È interessante evidenziare la strategia degli Stati proponenti la risoluzione, soprattutto degli gli Stati Uniti, di operare, per effetto dell’adozione di un atto sulla base del Capitolo VII della Carta, una trasformazione di alcuni tra i principi contenuti nei regimi c.d. politici, che coinvolgono un numero limitato di Stati (per esempio il Nuclear Suppliers Group) in norme giuridicamente vincolanti per tutti gli Stati membri delle Nazioni Unite.
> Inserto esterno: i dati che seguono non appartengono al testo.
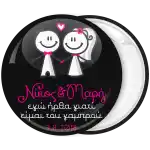 &Kappa;&omicron;&nu;&kappa;ά&rho;&delta;&alpha; &Epsilon;&gamma;ώ ή&rho;&theta;&alpha; &gamma;&iota;&alpha;&tau;ί &epsilon;ί&mu;&alpha;&iota; &tau;&omicron;&upsilon; &gamma;&alpha;&mu;&pi;&rho;&omicron;ύ drawing  &mu;&alpha;ύ&rho;&eta;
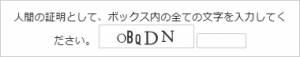 Dokuwiki CAPTCHA Plugin SVG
Straordinario è il fatto che la risoluzione sia stata approvata con il voto positivo di tutti i quindici membri del Consiglio, compreso il Pakistan che, come abbiamo osservato, non è Stato contraente del Trattato di non proliferazione nucleare. Il rappresentante di questo Paese ha comunque precisato che la ris.1540 (2004) - a suo avviso - non impone al proprio Stato il rispetto di obblighi derivanti da trattati di cui esso non sia parte né tantomeno obbliga ad aderirvi.
La risoluzione istituisce infine un Comitato, il cui mandato è quello di monitorare lo stato di attuazione della stessa da parte degli Stati membri delle Nazione. Il Comitato ha già prodotto cinque rapporti sullo stato di attuazione della risoluzione, rispettivamente nell’aprile 2006, nel giugno 2009, nel settembre 2011, nel dicembre 2016 e nel novembre 2022.